EPA also proposes to approve the exemption in Section II.D.1.dddd., applicable to “Non-road engines as defined in Section I.B.29. of this Part A, except certain non-road engines subject to state-only air pollutant emission notice and permitting requirements pursuant to Section I.B.29.c. of this part.” The definition of non-road engines in Section I.B.29 is consistent with the federal definition of non-road engine at 40 CFR 1068.30. Under section 302(z) of the CAA non-road engines are specifically excluded from the definition of stationary sources, to which the Colorado APEN requirements apply (see Section II.A.).
APEN substantive revisions submitted by the State to EPA between September 16, 1997 and August 1, 2007 include revisions to or additions of five exemption provisions that EPA proposes to disapprove. The first revision we propose to disapprove regards the APEN exemption for open burning activities, in Section II.D.1.q.

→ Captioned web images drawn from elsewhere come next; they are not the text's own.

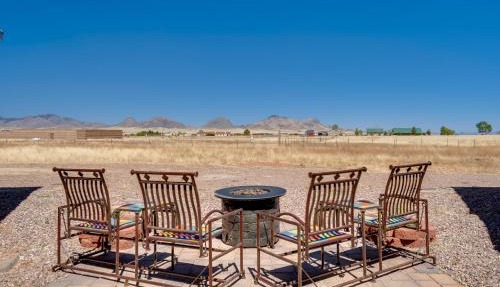 Walk to Wineries: Elgin Wine Country Retreat! in Elgin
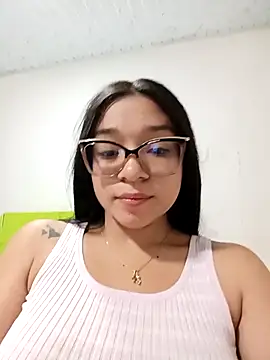 Snapshot of -VICKKY chatting on September 22, 2025, 2:23 pm -VICKKY online show from September 22, 2025, 2:23 pm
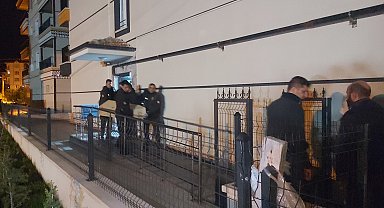 Komşusu Hatice'yi tabancayla öldürüp, aynı silahla intihar etti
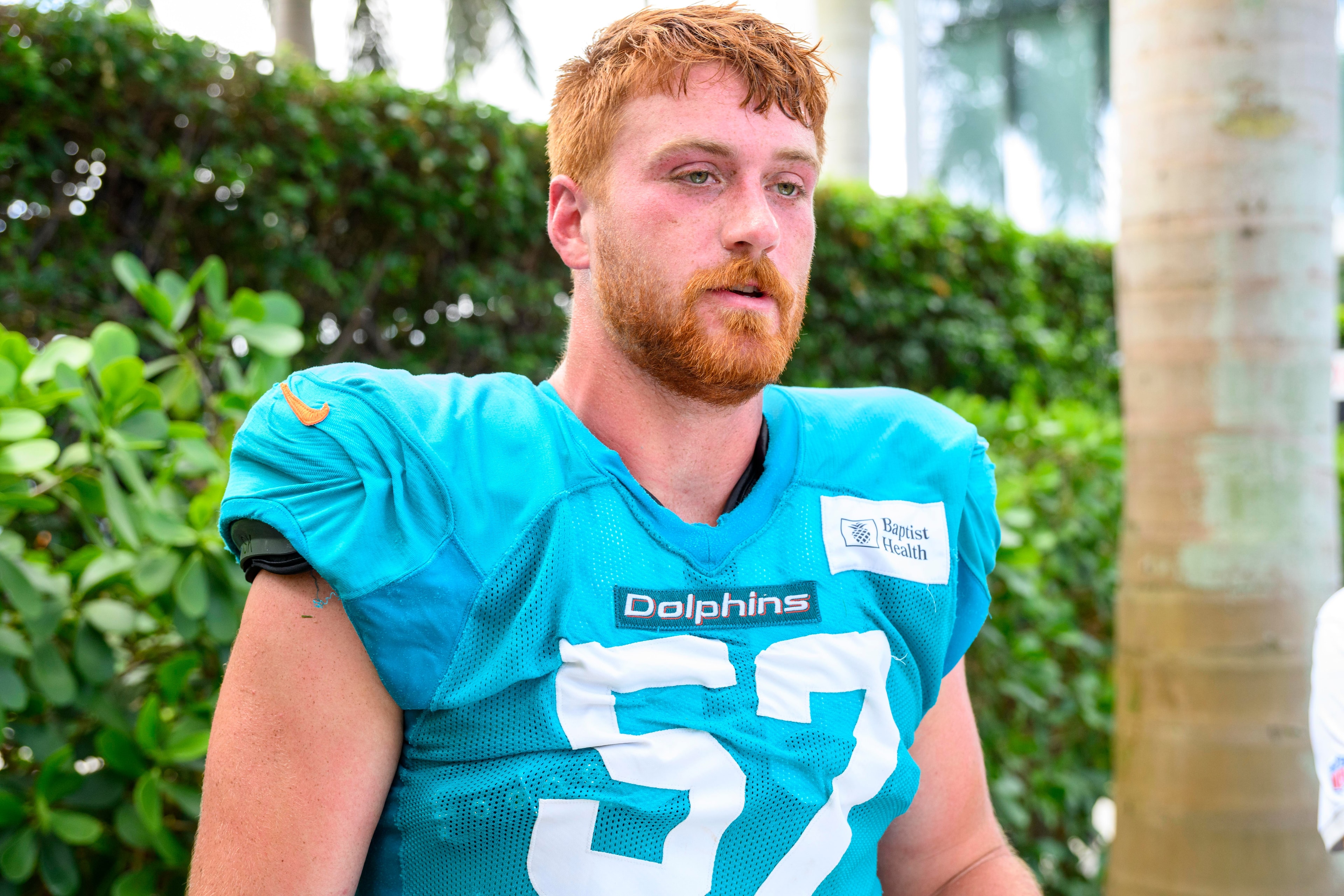 Dolphins add Ethan Bonner and Max Llewellyn to practice squad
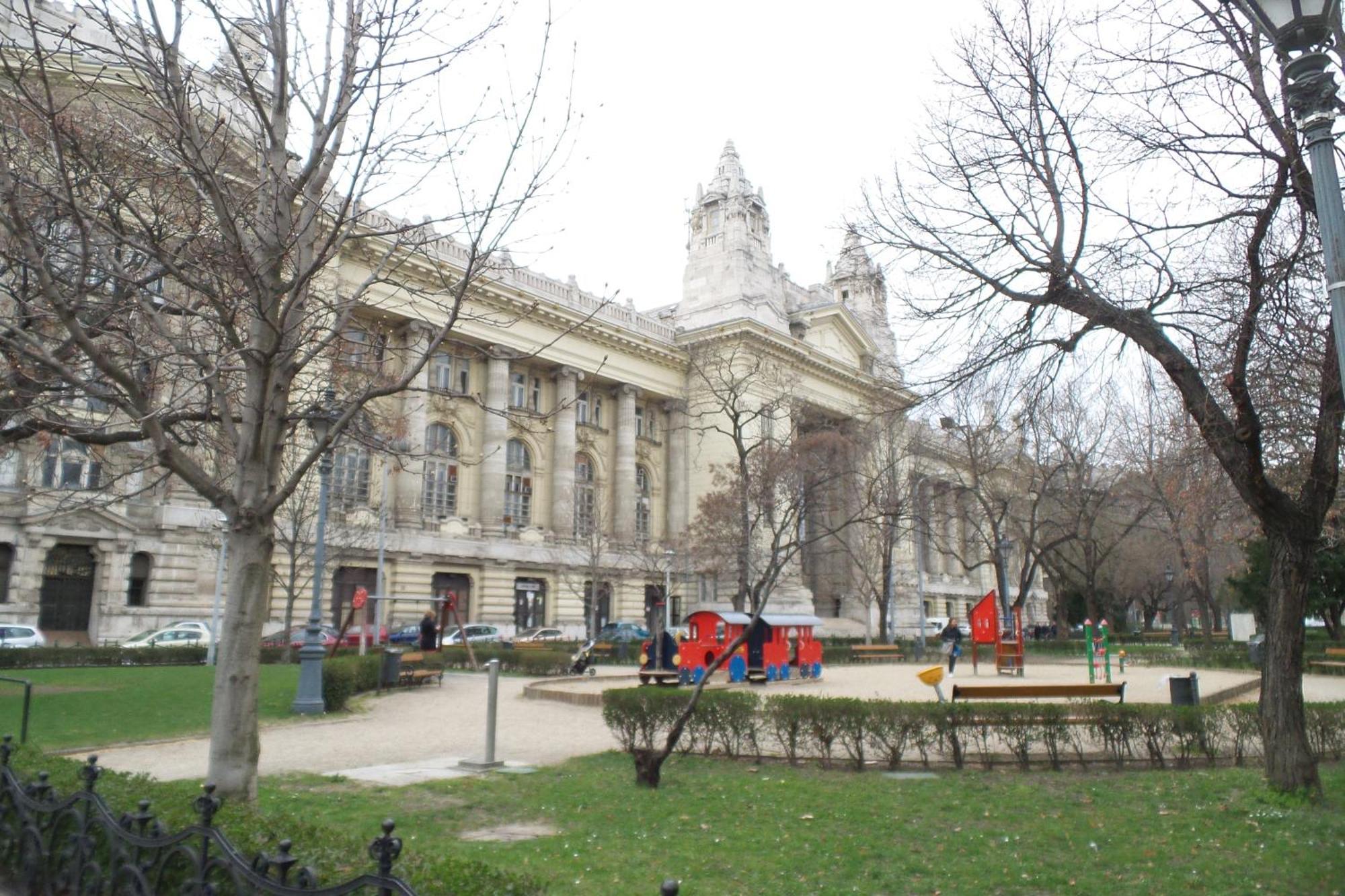 Rainbow Pearl Apartment At St Stephen' S Basilica Будапеща Екстериор снимка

During the period considered here, some of the open burning provisions were moved by the State from Regulation Number 1 to Regulation Number 9 (which is a State-only Regulation, and therefore outside the Colorado SIP) and then back to Regulation Number 1. At the same time, Colorado submitted a June 20, 2003 revision of the “Open burning activities” provision in Section II.D.1.q. that changed a reference to Regulation Number 1 (part of the Colorado SIP) into a reference to Regulation Number 9. Since, as noted above, Regulation Number 9 is enforceable only by the State, EPA proposes to disapprove the change to the reference to Regulation Number 9.
EPA is proposing to disapprove the APEN provision at Section II.D.1.xxx. exempting “Deaerator/vacuum pump exhausts,” adopted on March 31, 1996 and submitted to EPA on September 16, 1997. This provision would potentially exempt emissions both from the devices and from the liquid or gas the device operates on. If the liquid or gas operated on contains high levels of criteria pollutants or their precursors (either in a dissolved form in liquid or mixed in gas), then high levels of criteria pollutants may be emitted from these devices. As APEN exemptions are linked to exemption from construction permitting, this exemption may increase emissions of criteria pollutants (or their precursors). Under section 110(l) of the Act, EPA cannot approve a SIP revision if it would interfere with any applicable requirement concerning attainment and reasonable further progress or any other applicable requirement of the Act. Furthermore, as these stationary sources may emit significant amounts of criteria pollutants, the exemption from permitting fails to ensure that construction or modification of these sources will not interfere with attainment or maintenance of the NAAQS (see 40 CFR 51.160(a)(2)). EPA therefore proposes to disapprove the exemption in II.D.1.xxx.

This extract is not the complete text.